IMB’s Elliff laments Christians’ callousness about lostness

IMB’s Elliff laments Christians’ callousness about lostness

ROCKVILLE, Va. — International Mission Board (IMB) President Tom Elliff is concerned that Christians have become desensitized to everyone’s need for a Savior.

Christians pray for others’ hearts to be stirred toward Christ but they also need to pray that their own hearts are continually stirred by a deep burden for the spiritually lost, Elliff told IMB trustees during their Aug. 27–28 meeting at the IMB International Learning Center in Rockville, Va.

Elliff said he has a hard time sleeping after watching the evening news, not just because of wars, disasters and other tragedies, but because “every one of us has learned how to look at the most horrific things you can imagine and be unmoved by them.”

“We know where the great tragedies are, we see people running for their lives and starving physically,” he said. But most often they also are starving spiritually.

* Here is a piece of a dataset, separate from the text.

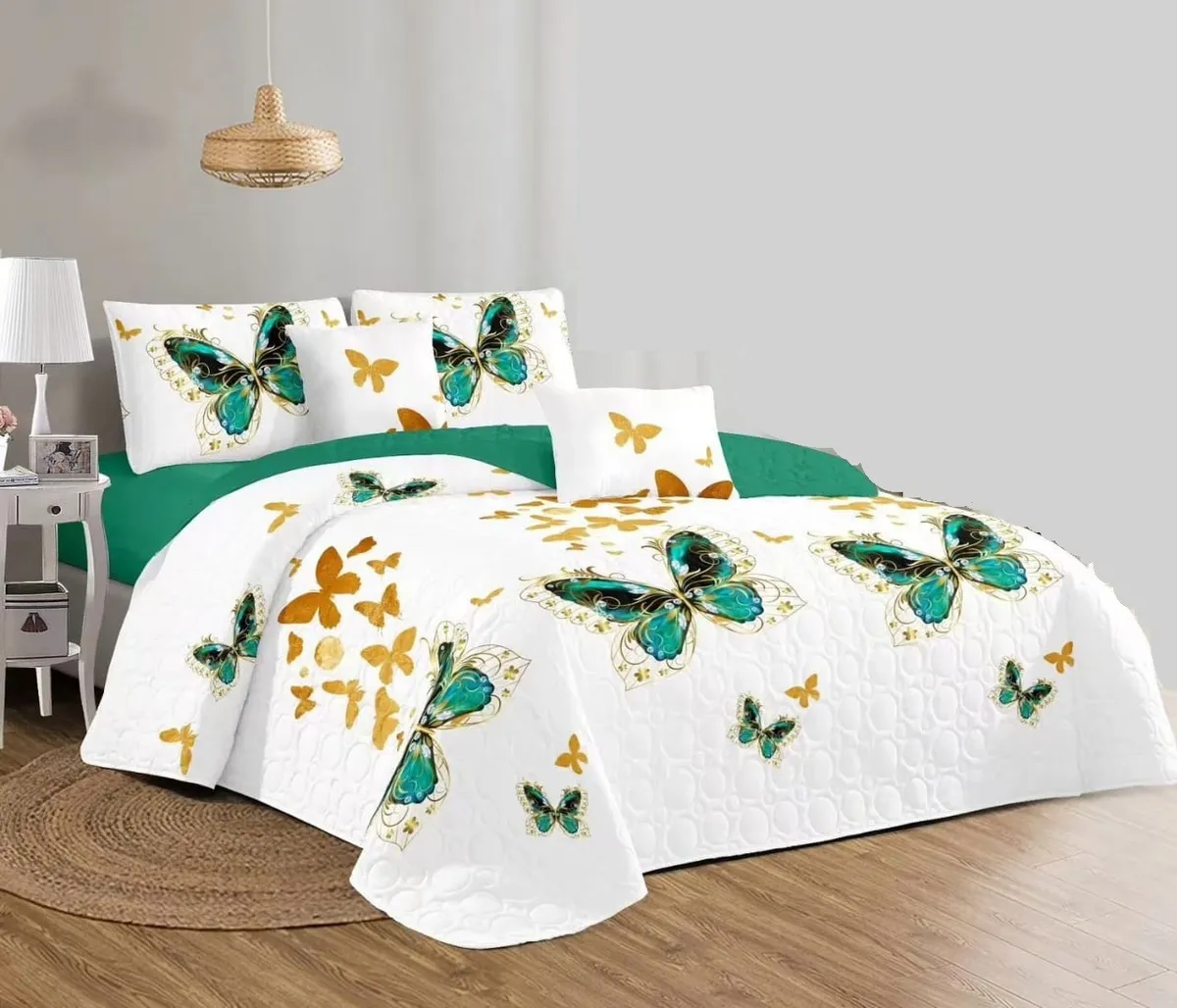 Casadeliacl - Cubrecama Quilt Delgado2 Plaza Diseño Modernos Tf Mariposa Verde / Blanco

“We’ve learned how to be aware of lostness but not be moved by lostness,” Elliff said. “We have a tendency when speaking of lostness to speak of it statistically.” But statistical overload, he said, does not equate those numbers with individuals in dire need of Jesus.

The words of Proverbs 24:11 haunt Elliff: “Deliver those who are being taken away to death and those who are staggering to slaughter. Oh, hold them back.”

“‘Hold them back,’ God says. That’s our mandate,” Elliff said.